# [BDL] The top 10 best defenders of the last decade



## Cornholio (Feb 13, 2005)

> *2. Shane Battier*
> 
> If you watch this guy, on any given possession, you'll understand. Just take your eye off the ball and watch Battier work — the guy acts as if he's in his own reality show, as if the cameras were on him for the entire 24-second turn, even if his man never gets the ball, while appearing deathly allergic to letting people down. Battier just does everything right. It may not mean he'll get the rebound, block or steal — and his guy might still nail the shot — but I've never seen someone pitch as many perfect games defensively.


Linkage


----------



## BG7 (Jun 25, 2003)

This list is whack. Ben Wallace should be #1. That's a slap in the face to have Battier over him. (and over guys like Duncan too).

Battier's best DWS season is 105th best in the decade, and his best D-Rtg season is 305th best of the decade. Wallace has top honors in both.

Not too hate on Battier, because he's a solid player. But I don't like how Wallace's defense in his prime is so underrated.


----------



## Spaceman Spiff (Aug 2, 2006)

Ben Wallace in his prime is overrated. He's a weakside helper.


----------



## mtlk (Apr 25, 2005)

So Shane is batter than Ron.:smackalot:


----------



## BG7 (Jun 25, 2003)

Spaceman Spiff said:


> Ben Wallace in his prime is overrated. He's a weakside helper.

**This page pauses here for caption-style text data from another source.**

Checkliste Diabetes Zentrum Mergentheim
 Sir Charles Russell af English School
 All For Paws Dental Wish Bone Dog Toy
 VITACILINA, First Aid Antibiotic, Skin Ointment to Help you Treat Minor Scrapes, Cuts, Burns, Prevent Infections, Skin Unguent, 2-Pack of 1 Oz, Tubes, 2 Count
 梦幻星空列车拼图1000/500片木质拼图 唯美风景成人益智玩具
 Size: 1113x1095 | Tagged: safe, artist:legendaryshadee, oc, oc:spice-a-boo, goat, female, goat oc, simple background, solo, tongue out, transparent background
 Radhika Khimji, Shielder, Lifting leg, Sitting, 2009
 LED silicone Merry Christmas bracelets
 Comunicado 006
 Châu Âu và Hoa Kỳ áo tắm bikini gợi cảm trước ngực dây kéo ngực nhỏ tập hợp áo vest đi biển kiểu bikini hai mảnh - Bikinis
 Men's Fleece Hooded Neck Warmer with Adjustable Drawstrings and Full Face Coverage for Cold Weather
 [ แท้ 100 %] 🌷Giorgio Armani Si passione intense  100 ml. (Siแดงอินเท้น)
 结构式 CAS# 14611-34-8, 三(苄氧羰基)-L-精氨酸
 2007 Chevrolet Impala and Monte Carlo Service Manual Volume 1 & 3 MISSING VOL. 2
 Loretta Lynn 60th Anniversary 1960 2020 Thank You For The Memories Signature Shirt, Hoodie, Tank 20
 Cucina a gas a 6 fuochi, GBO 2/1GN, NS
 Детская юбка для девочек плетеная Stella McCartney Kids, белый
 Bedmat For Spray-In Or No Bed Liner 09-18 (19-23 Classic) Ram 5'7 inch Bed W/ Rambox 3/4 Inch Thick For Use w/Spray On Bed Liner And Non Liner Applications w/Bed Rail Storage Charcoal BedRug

A weakside help defender who put up the best season based on D-Rtg for a player who played 24+ minutes a game, who had the best DWS season since 1973, and who had the best postseason ever based on D-Rtg.


----------



## Hakeem (Aug 12, 2004)

BG7 said:


> Battier's best DWS season is 105th best in the decade, and his best D-Rtg season is 305th best of the decade. Wallace has top honors in both.


That is not the right way of looking at it. 

Individual defensive rating and defensive win shares are not a very good measure of defensive ability. Every big man on those Pistons teams had great defensive ratings. Hence why Darko has one of the best single-season defensive ratings of all time. There have been numerous examples of players on great defensive teams having defensive ratings that exaggerate their defensive prowess.

Ben Wallace was a great defender. Better than Battier. But his post defense wasn't great. Duncan offered considerably better post defense and was a safer help defender. Wallace was a better pick and roll defender and was slightly better at protecting the rim.

The list in the article overrates Battier, Snow and Hinrich, underrates Duncan and Bowen, and completely forgets about Rasheed, Payton, Christie and Kirilenko (though obviously not everyone can make the 10).


----------